▶ [Problem]: All that should come back is the lines of the data below from the one containing "تصویر fourchu - دیکشنری انگلیسی بیاموز" to the one containing "AOPIMT India 1964", inclusive, exactly as they stand.

▶ [Dataset records]:
=======
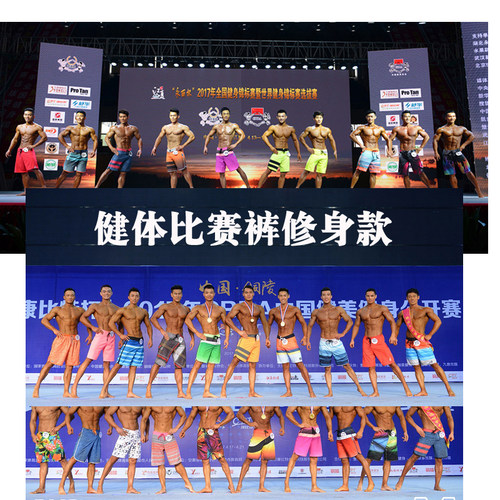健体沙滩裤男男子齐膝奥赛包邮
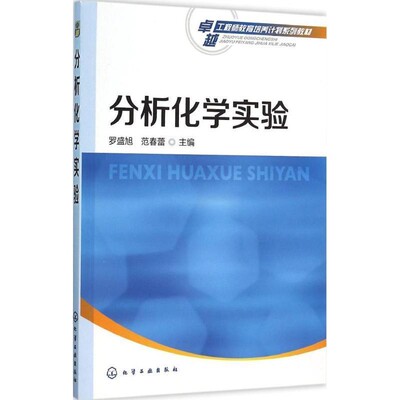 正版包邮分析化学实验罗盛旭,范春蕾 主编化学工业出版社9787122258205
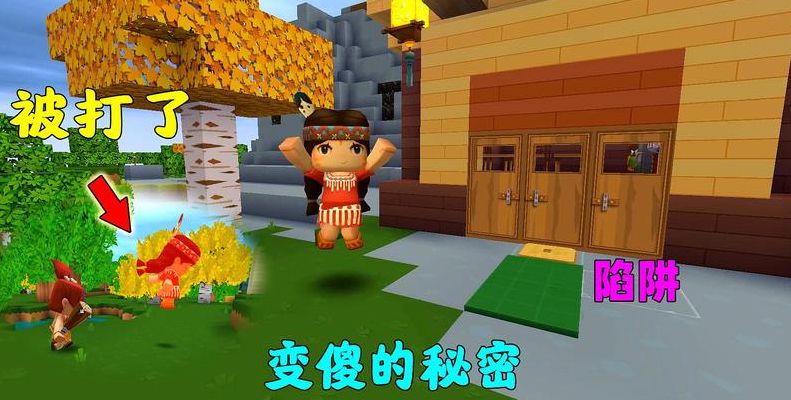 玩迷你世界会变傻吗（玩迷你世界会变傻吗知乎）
=======
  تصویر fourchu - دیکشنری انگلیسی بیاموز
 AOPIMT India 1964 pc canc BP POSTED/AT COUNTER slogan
=======
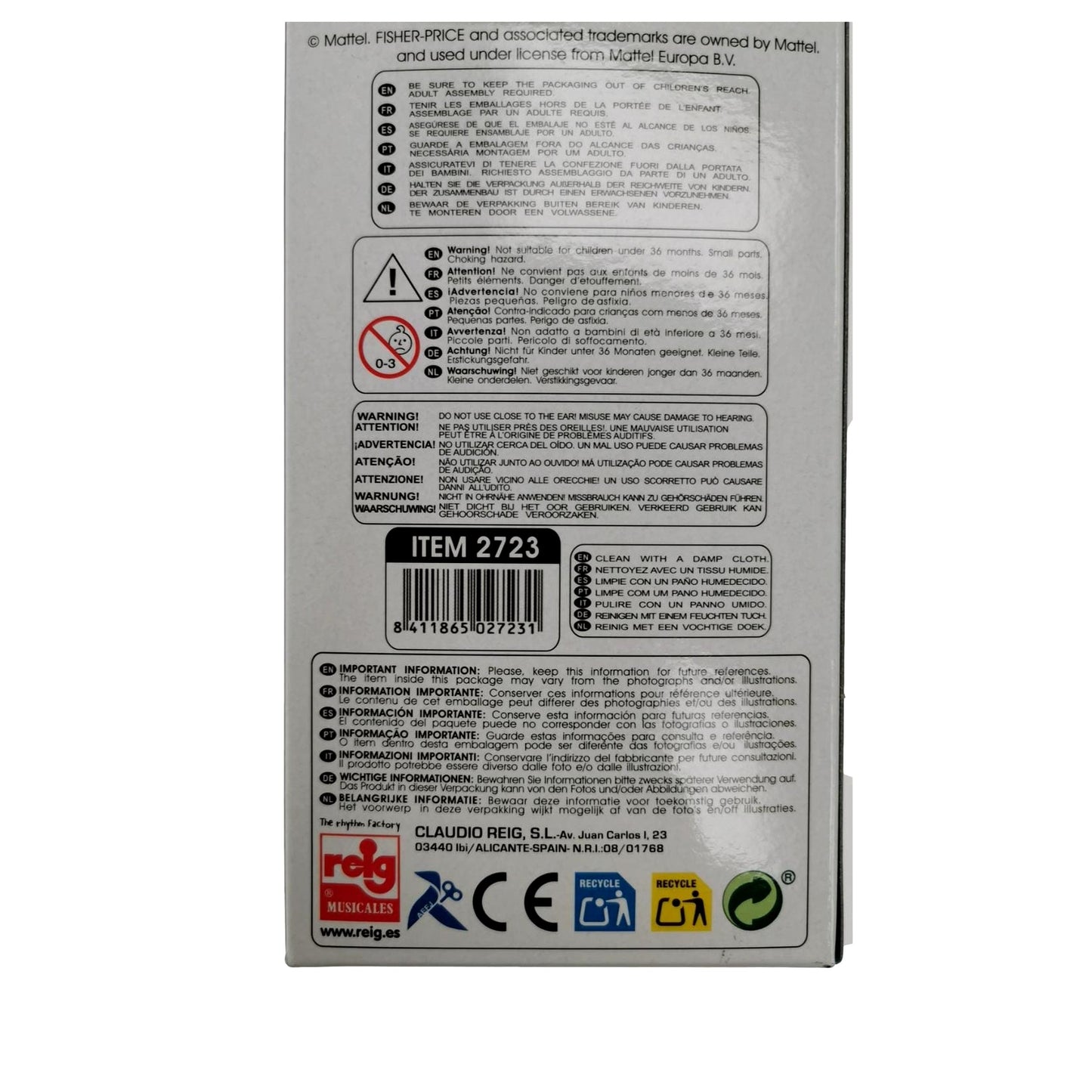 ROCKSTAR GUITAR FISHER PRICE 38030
=======
▶ [Solution]:
  تصویر fourchu - دیکشنری انگلیسی بیاموز
 AOPIMT India 1964 pc canc BP POSTED/AT COUNTER slogan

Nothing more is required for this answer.